Britain's Prime Minister Theresa May.
Image: AFP PHOTO / Tolga AKMEN. File photo.

Senior members of the British government will try on Thursday to agree a "backstop" plan for the Irish border when Britain leaves the European Union (EU) following reports that the Brexit minister opposes the current proposal.

Ten months before Britain is due to leave the EU, Prime Minister Theresa May is struggling to unite her government over the backstop plan. This arrangement is intended to keep Britain tied to the bloc's customs union after a transition period should there be a delay in implementing a final Brexit deal that has yet to be reached with Brussels.

Pro-Brexit campaigners say the plan is another step by the prime minister to maintain the closest possible ties to the EU, undermining the clean break with the bloc they are seeking so that Britain can forge new trading relationships with the world.
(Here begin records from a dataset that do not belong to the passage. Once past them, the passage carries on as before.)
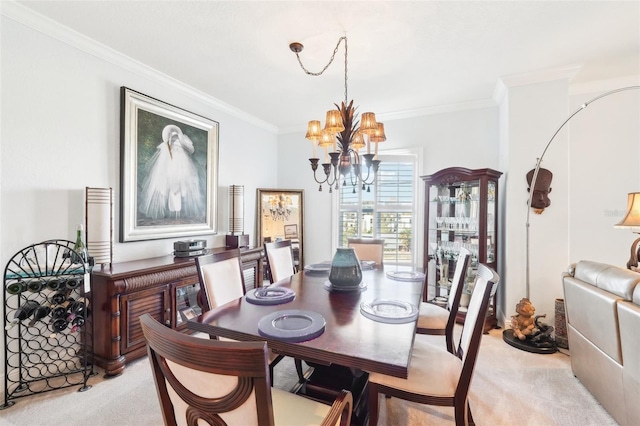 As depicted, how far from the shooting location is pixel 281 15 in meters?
2.06

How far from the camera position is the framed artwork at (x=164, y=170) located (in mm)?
2723

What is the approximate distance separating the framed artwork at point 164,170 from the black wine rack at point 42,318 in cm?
62

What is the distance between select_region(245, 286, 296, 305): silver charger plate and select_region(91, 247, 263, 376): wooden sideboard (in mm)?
1110

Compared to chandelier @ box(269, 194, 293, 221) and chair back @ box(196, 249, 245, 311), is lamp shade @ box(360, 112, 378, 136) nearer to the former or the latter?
chair back @ box(196, 249, 245, 311)

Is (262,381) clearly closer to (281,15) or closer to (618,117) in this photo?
(281,15)

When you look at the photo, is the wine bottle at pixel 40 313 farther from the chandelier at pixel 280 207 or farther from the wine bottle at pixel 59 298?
the chandelier at pixel 280 207

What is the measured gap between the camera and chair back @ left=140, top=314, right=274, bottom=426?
0.72 meters

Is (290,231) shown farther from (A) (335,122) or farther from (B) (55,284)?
(B) (55,284)

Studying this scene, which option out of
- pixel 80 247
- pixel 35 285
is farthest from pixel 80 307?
pixel 80 247

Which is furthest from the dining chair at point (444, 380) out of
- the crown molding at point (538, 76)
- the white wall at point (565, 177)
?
the crown molding at point (538, 76)

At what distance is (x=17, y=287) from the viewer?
1943 mm

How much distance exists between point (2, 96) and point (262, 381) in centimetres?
269

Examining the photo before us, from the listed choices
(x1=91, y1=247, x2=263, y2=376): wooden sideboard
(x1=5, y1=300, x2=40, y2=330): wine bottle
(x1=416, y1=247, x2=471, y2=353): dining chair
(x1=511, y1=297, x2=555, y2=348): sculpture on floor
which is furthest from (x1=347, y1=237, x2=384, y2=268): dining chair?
(x1=5, y1=300, x2=40, y2=330): wine bottle

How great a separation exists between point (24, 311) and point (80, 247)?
20.1 inches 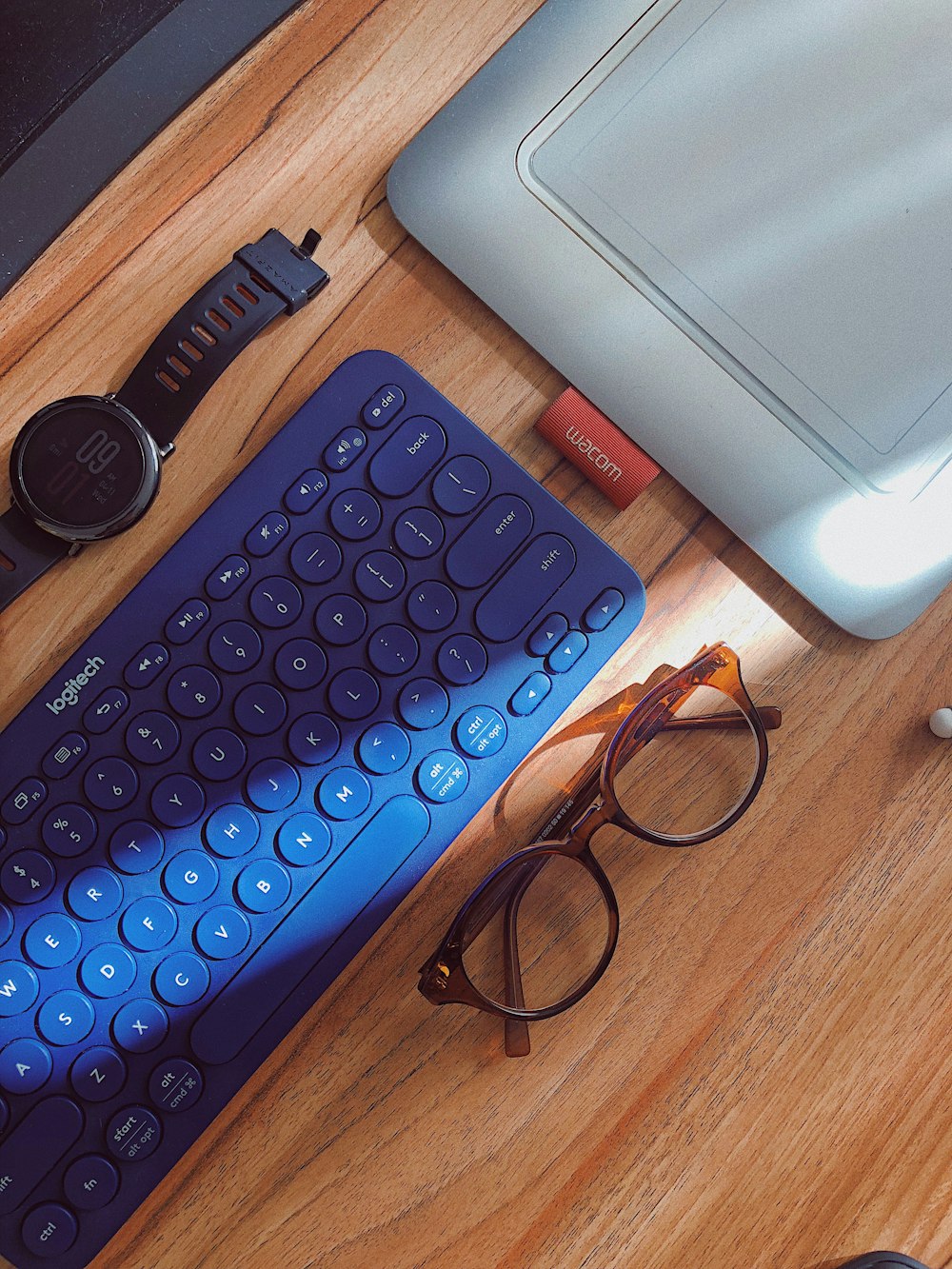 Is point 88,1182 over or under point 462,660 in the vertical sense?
under

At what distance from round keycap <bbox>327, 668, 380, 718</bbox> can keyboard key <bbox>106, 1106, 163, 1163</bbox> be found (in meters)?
0.23

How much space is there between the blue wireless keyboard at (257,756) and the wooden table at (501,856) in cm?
3

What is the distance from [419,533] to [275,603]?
9cm

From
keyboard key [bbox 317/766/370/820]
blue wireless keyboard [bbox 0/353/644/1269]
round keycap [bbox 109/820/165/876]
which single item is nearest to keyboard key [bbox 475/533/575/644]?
blue wireless keyboard [bbox 0/353/644/1269]

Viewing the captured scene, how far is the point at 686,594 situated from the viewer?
0.59m

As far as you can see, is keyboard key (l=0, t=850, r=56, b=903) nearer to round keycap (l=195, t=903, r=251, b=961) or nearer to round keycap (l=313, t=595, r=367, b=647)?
round keycap (l=195, t=903, r=251, b=961)

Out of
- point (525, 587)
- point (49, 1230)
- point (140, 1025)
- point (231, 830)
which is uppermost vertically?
point (525, 587)

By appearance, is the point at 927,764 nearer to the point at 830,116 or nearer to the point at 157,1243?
the point at 830,116

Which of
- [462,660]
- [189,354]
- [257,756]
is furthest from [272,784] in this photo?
[189,354]

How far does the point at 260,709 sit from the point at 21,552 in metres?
0.15

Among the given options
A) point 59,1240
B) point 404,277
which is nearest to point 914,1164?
point 59,1240

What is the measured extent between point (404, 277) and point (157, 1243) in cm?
55

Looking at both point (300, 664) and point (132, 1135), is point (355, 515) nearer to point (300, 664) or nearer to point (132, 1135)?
point (300, 664)

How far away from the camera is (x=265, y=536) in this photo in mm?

The so-called Brexit war committee was expected to meet on Thursday after Brexit minister David Davis, according to one source close to the government, "had gone bananas" over the proposal because it contained no end date.

He believed this could mean Britain would stay inside the customs union indefinitely, the source said. The current proposal would see Britain applying the EU's external tariffs for a limited period beyond December 2020.

Under the customs union, EU member states trade freely with each other and charge the same duties on imports from outside the bloc. Members of the customs union cannot negotiate their own trade deals with non-members, meaning that leaving the EU heralds the biggest shake-up in British trade for decades.

The source close to the government and some local media said Davies was considering whether to resign.


At the heart of the problem is ensuring there is no hard border between the British province of Northern Ireland and the Irish Republic, which will remain in the EU. Some politicians say any return of border controls could disrupt a peace agreement to reduce sectarian conflict in the north.

Davis has not commented directly on the source-based reports of his anger. He said on Wednesday the backstop proposal was still being discussed but he expected a decisive conclusion to the talks on Thursday.

Time is pressing in the Brexit talks, which have all but stalled as May tries to overcome the divisions not only among her ministers but also in her Conservative Party.

She has tried to persuade doubters that she never intended to use the backstop plan as she hoped to agree a workable deal with the EU on future customs arrangements.

But the government has yet to decide on its preferred customs option, unable as yet to overcome differences of opinion in the cabinet.

One pro-Brexit campaigner said the fear was the backstop plan would put Britain "in purgatory", essentially still in the EU's customs union indefinitely. "It's surrender," the campaigner said.